## Activity
Print the line containing "Gather Rug, 8x10, Oyster - Image 9" and each line after it to the end of the material below. Print nothing else.

## Given information
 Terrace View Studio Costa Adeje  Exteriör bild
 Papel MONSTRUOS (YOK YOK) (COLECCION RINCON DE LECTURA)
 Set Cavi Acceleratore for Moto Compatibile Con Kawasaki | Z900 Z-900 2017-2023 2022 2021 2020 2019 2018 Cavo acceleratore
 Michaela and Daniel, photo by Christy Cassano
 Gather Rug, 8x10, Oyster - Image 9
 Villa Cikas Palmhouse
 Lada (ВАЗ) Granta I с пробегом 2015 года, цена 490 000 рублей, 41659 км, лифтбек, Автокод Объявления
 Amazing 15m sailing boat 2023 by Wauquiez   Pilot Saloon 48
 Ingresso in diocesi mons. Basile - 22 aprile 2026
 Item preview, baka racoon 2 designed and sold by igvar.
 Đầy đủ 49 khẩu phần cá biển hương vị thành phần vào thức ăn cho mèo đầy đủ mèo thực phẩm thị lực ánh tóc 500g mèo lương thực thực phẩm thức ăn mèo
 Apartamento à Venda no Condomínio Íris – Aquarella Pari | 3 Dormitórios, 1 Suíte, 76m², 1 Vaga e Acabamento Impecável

## Task output
 Gather Rug, 8x10, Oyster - Image 9
 Villa Cikas Palmhouse
 Lada (ВАЗ) Granta I с пробегом 2015 года, цена 490 000 рублей, 41659 км, лифтбек, Автокод Объявления
 Amazing 15m sailing boat 2023 by Wauquiez   Pilot Saloon 48
 Ingresso in diocesi mons. Basile - 22 aprile 2026
 Item preview, baka racoon 2 designed and sold by igvar.
 Đầy đủ 49 khẩu phần cá biển hương vị thành phần vào thức ăn cho mèo đầy đủ mèo thực phẩm thị lực ánh tóc 500g mèo lương thực thực phẩm thức ăn mèo
 Apartamento à Venda no Condomínio Íris – Aquarella Pari | 3 Dormitórios, 1 Suíte, 76m², 1 Vaga e Acabamento Impecável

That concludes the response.